Juan Felipe Herrera is a Chicano poet born in Fowler, California. In addition to his 24 previously published books, his recent books are Half of the World in Light: New and Selected Poems (Univerity of Arizona Press)--one of the New York Times Best Books of 2008 and winnter of a 2009 National Book Critics Circle Award in Poetry and a 2009 Latino International Award in Poetry--and 187 Reasons Mexicanos Can't Cross the Border: Undocuments (City Lights), which won the 2008 PEN/Oakland Josephine Miles National Poetry Award.

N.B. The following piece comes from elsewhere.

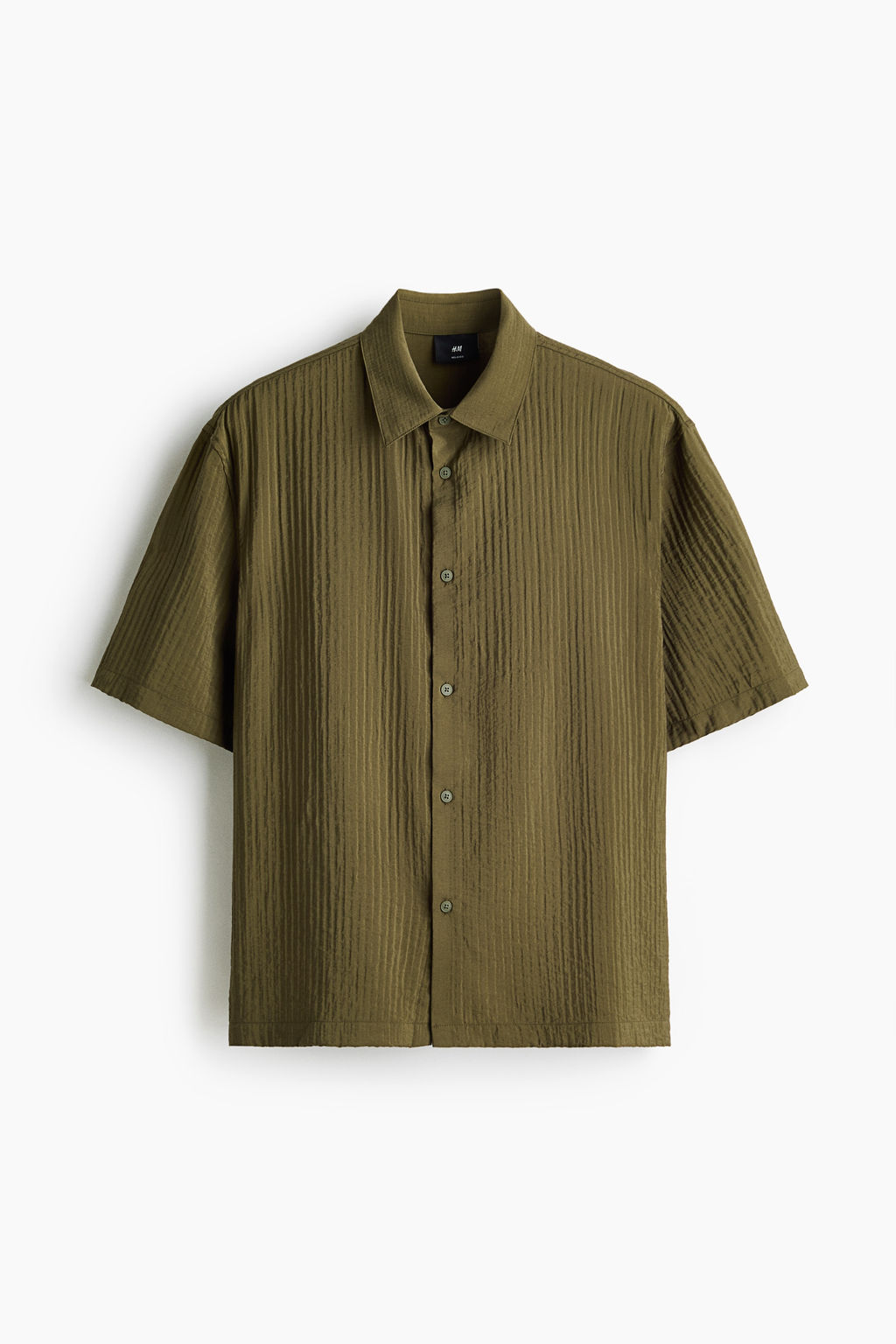 Camisa Relaxed Fit - H&m фото 2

Lily Hoang's first book Parabola won the Chiasmus Press Un-Doing the Novel Contest in 2006. She is also the author of the forthcoming novels The Evolutionary Revolution (Les Figues Press) and Invisible Women (StepSister Press, 2010). She is Associate Editor of Starcherone Books.
Jane Ciabattari is a fiction writer, book critic, and widely published journalist who has reported from Brussels, Havana, Hong Kong, London, Marrakech, Paris, Rome, and Shanghai. She is the author of the short story collection Stealing the Fire, and president of the National Book Critics Circle. Her reviews and interviews have appeared in the New York Times, the Guardian online, npr.org, Bookforum, The Daily Beast, the Washington Post, Los Angeles Times, Chicago Tribune, Columbia Journalism Review, Ms., and other publications.
The PEN Beyond Margins Award is one of the many ways in which PEN American Center's Open Book Program encourages racial and ethnic diversity within the literary and publishing communities. The Open Book Committee works to increate the literature by, for, and about African, Arab, Asian, Caribbean, Latin, and Native Americans, and to establish access for these groups to the publishing industry. Its goal is to ensure that those who are the custodians of language and literature are representative of the American people."